Task description – For this exercise, restate word for word only the lines from the one containing "Markolat, PROGRIP 728" through the last line below. Pictures do not get copied.

Data excerpt –

__________________________________________________

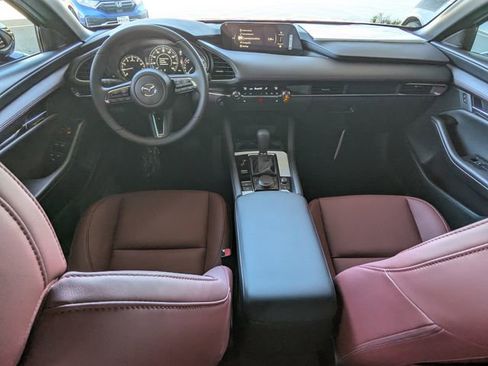 New 2026 MAZDA MAZDA3 Carbon image 5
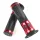 Markolat, PROGRIP 728 ROAD, ALU, piros készlet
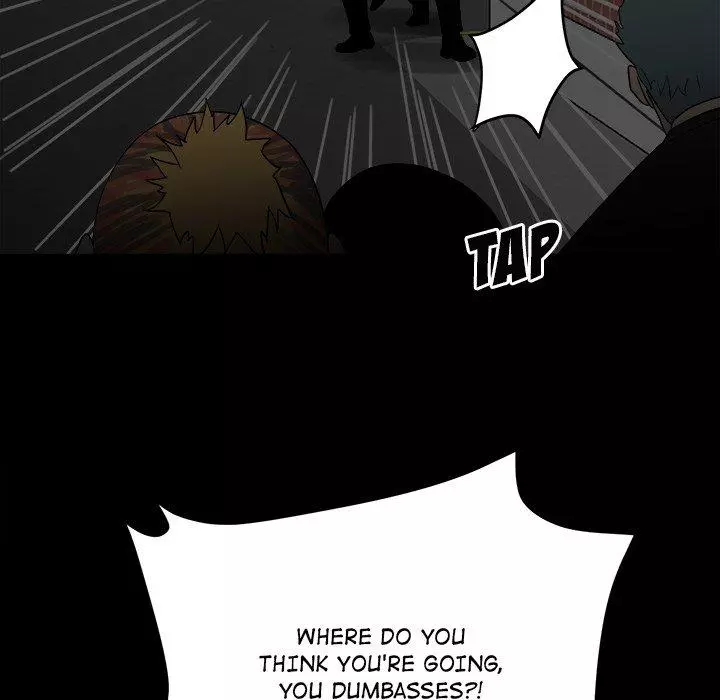 The Villain Chapter 73 page 118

__________________________________________________

Exercise response –
 Markolat, PROGRIP 728 ROAD, ALU, piros készlet
 The Villain Chapter 73 page 118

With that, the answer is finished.